Lorsque les métaphysiciens se placent en face de l’enfant, ils ignorent ses possibilités et ses capacités physiologiques. Lorsque le médecin se place en face de l’enfant, il ne voit que ses réactions physiologiques et néglige ses aptitudes intellectuelles. Le pédagogue, lui, a au contraire à observer tous ces mécanismes extrêmement complexes.

Or la pédagogie vraiment objective n’existe pas parce qu’on n’a pas connu les possibilités de l’enfant. Il fallait donc créer une science qui fut pour ainsi dire éclairante et guidante, une science qui irait à travers le monde pour voir ce qu’est en réalité l’homme, non pas l’homme tel que nous l’avons parmi nous et qui est déjà faussé essentiellement par une fausse pédagogie.

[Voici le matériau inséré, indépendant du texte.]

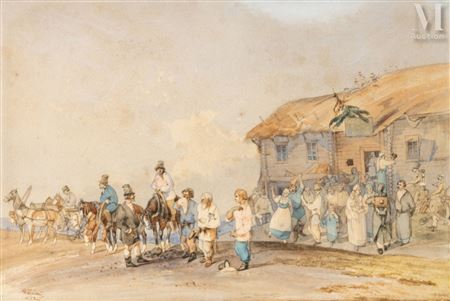 Scene of jubilation (1859) by Nikolai Rybinskii - Auction record, sale price, and art valuation. Compare with similar artists and explore comparable artworks.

A cause de cette pédagogie déformante, nous ne sommes plus nous-mêmes, et cependant c’est ce nous-mêmes que nous avons tendance à enseigner aux autres.

Si bien que vouloir composer une pédagogie avec ce que nous avons dans notre milieu ethnique serait une erreur anthropologique profonde puisque nous ne ferions que nous regarder dans un miroir et nous infligerions à l’enfant notre propre attitude, notre propre “biaisement” pédagogique reçu par toute une série de procédés soi disant pédagogiques, qui sont tout autre chose que de la pédagogie.

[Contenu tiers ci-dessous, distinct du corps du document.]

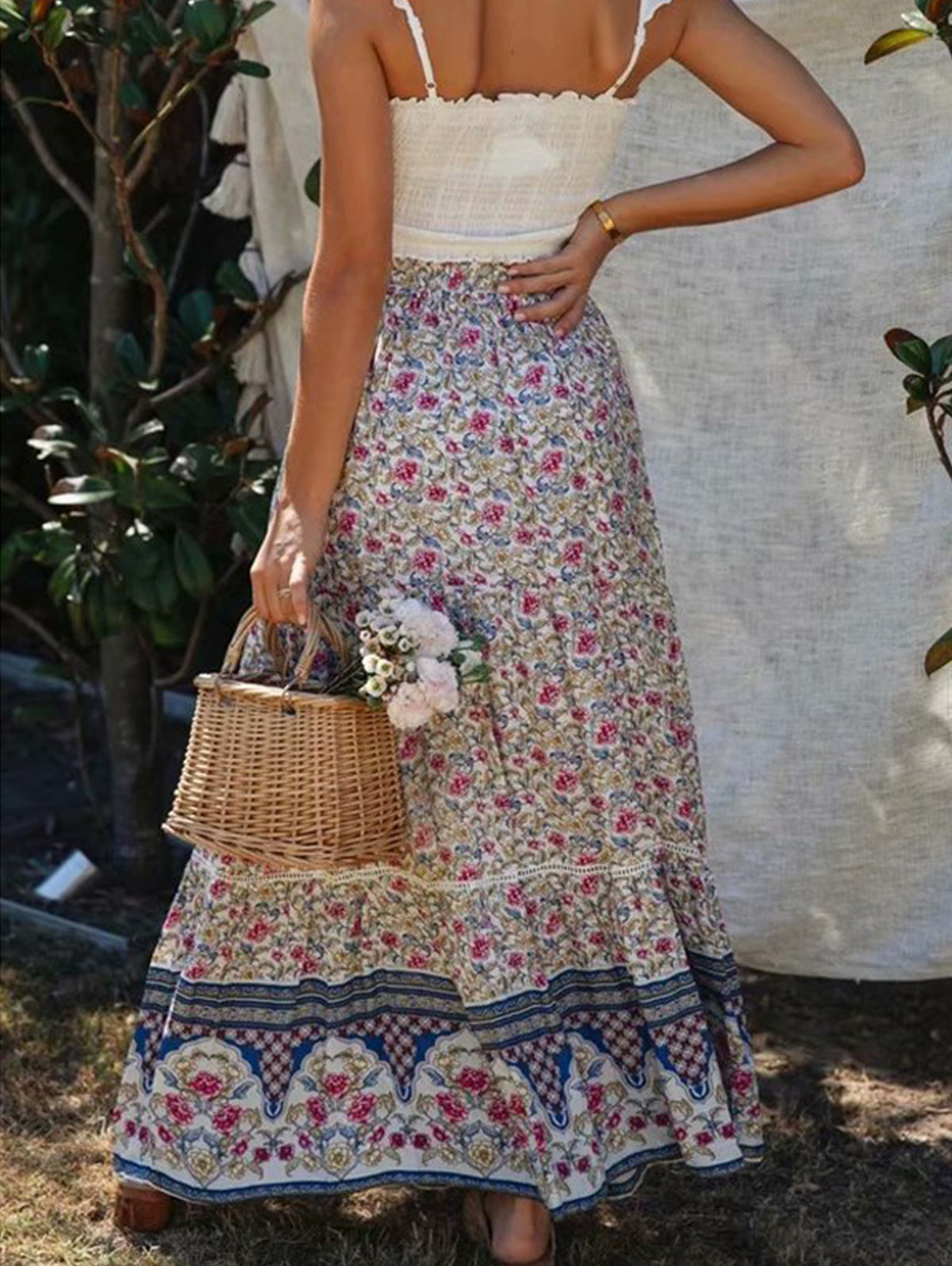 Bohemian Floral Print Large Hem Skirt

Il fallait donc sortir de notre monde gréco-latin et aller voir à travers le monde ce qu’est l’homme dans les autres milieux ethniques, c’est ce que j’ai fait pendant vingt ans. Alors nous voyons que l’homme à travers le monde, ne nous ressemble pas sous tous les rapports et qu’il est infiniment plus riche de possibilités que nous ne le sommes.

Comment l’homme s’est-il formé, s’est-il ajusté en contact avec les choses ? C’est un problème de laboratoire.

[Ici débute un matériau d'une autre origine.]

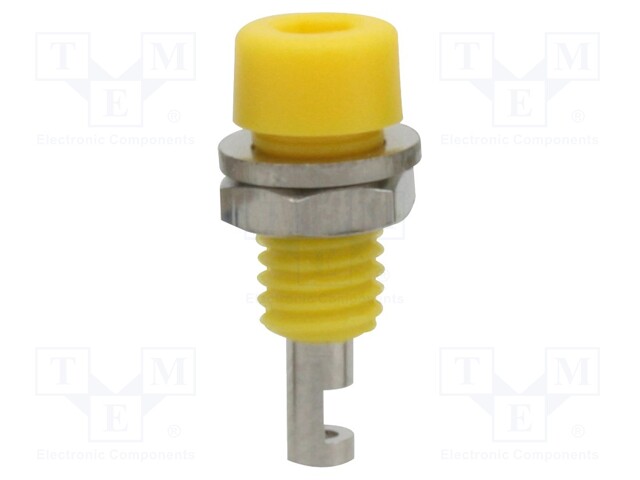 Socket; 2mm banana; 10A; yellow; nickel plated; on panel,screw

Il y a deux sortes de laboratoires : il y a le laboratoire que j’appellerai instrumental, c’est celui que nous voyons fonctionner un peu partout avec des appareils divers et qui serait à reprendre sur des bases nouvelles en tenant compte d’inventions comme le cinéma et le phonographe.

Et puis il y a un autre laboratoire que j’ai été le premier à instituer, c’est l’immense laboratoire ethnique où le monde entier vient déverser ses expériences spontanées.

Nous nous apercevons que l’être humain se présente à nous comme un être global et individuel. C’est pour cela que j’ai intitulé cette première conférence, le Globalisme individuel et nous allons voir que la pédagogie consiste dans l’adaptation de ce globalisme individuel.

Donc trois points dans notre conférence. Je serai rigoureusement divisé, car nous ne faisons pas ici un enseignement de recherches comme à la Sorbonne ou à l’École d’Anthropologie, mais nous faisons un enseignement de formation. Je suis ici adapté à vous, je suis ici pour vous. 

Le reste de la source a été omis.